#### Problem requirements
In the material below, find the line containing "여리여리 딸기우유 앙고라 브이넥 니트 스웨터 옷장정리" and the line containing "Hino DUTRO 2025-11 7961275-9". Output those two lines and all lines between them exactly, without pictures.

#### Supplied entries
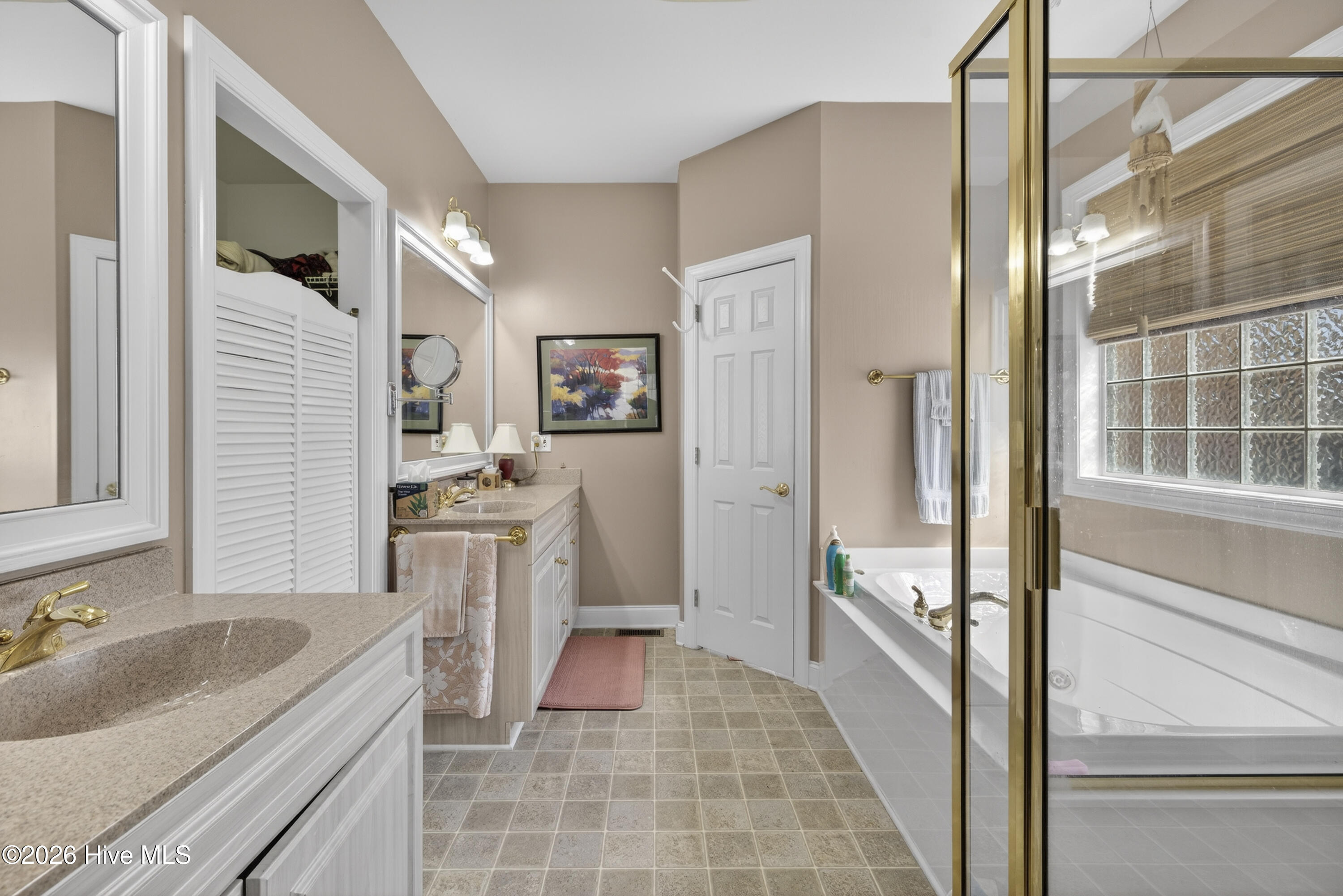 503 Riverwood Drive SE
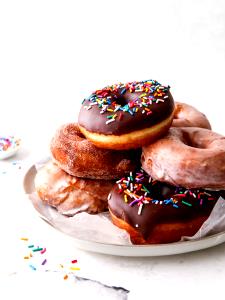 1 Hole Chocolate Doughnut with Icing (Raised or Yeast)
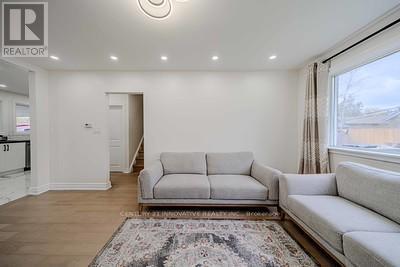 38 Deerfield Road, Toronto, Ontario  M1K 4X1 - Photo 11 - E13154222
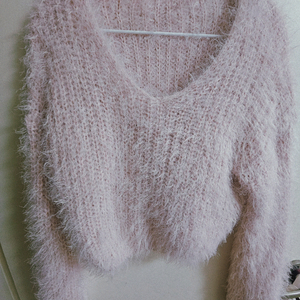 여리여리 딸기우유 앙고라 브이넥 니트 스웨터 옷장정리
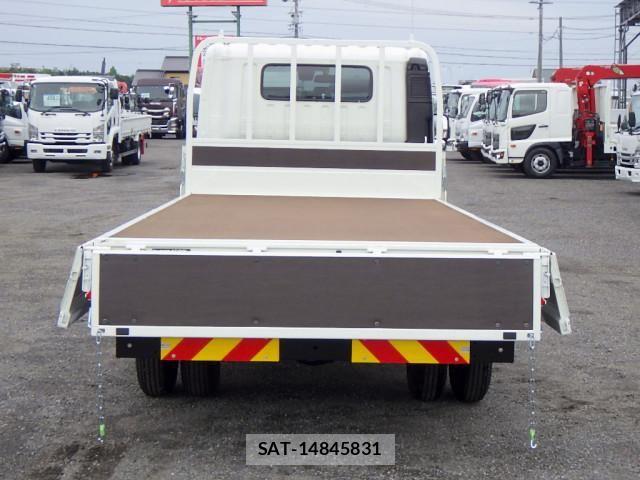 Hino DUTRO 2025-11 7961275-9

==

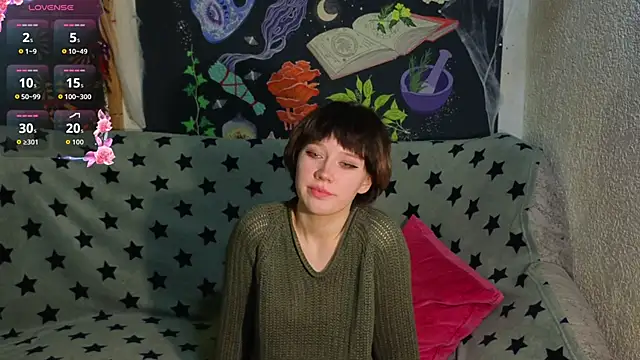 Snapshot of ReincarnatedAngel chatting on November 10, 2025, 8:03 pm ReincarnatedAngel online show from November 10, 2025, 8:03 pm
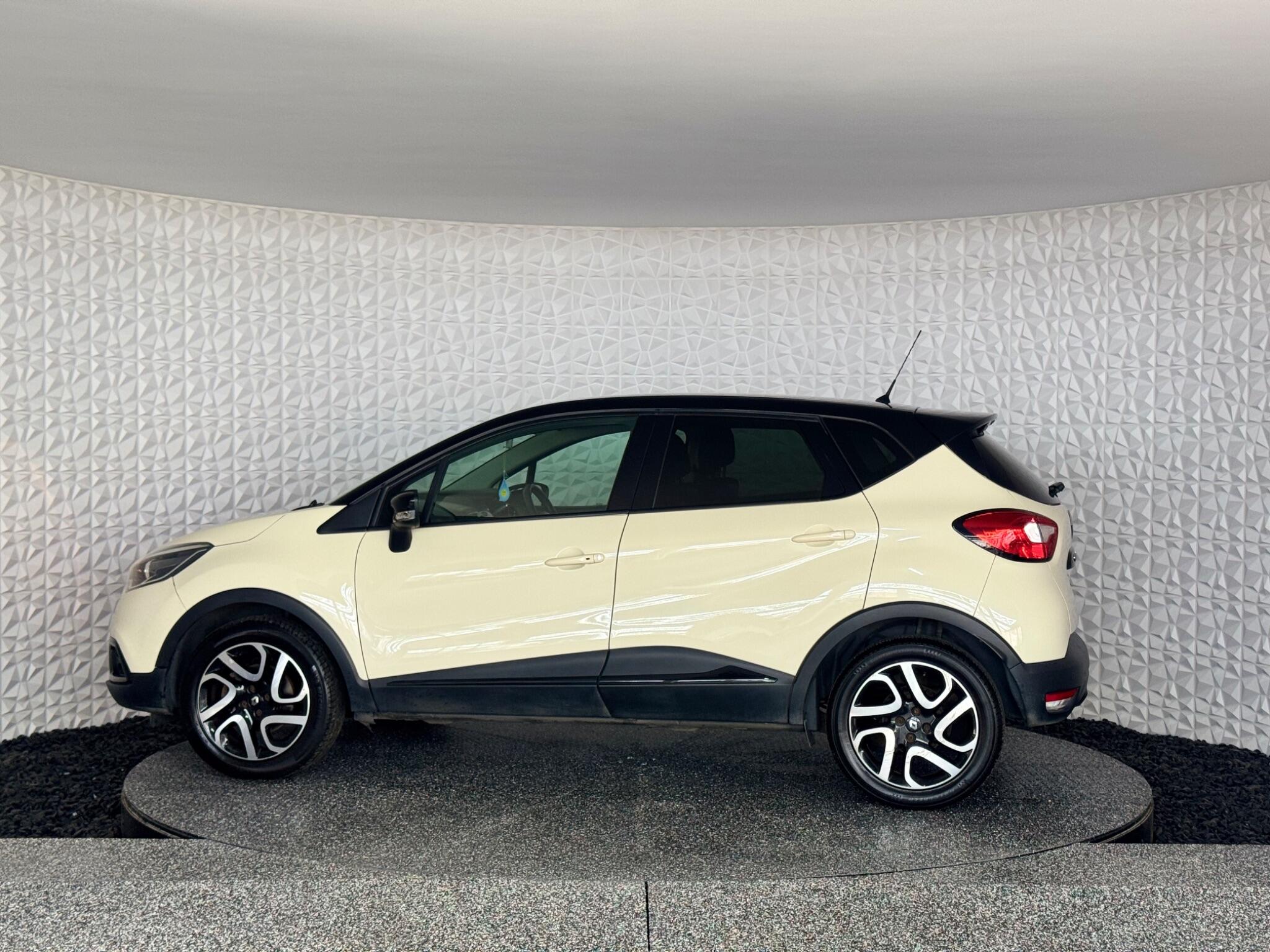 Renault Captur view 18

#### Task result
 여리여리 딸기우유 앙고라 브이넥 니트 스웨터 옷장정리
 Hino DUTRO 2025-11 7961275-9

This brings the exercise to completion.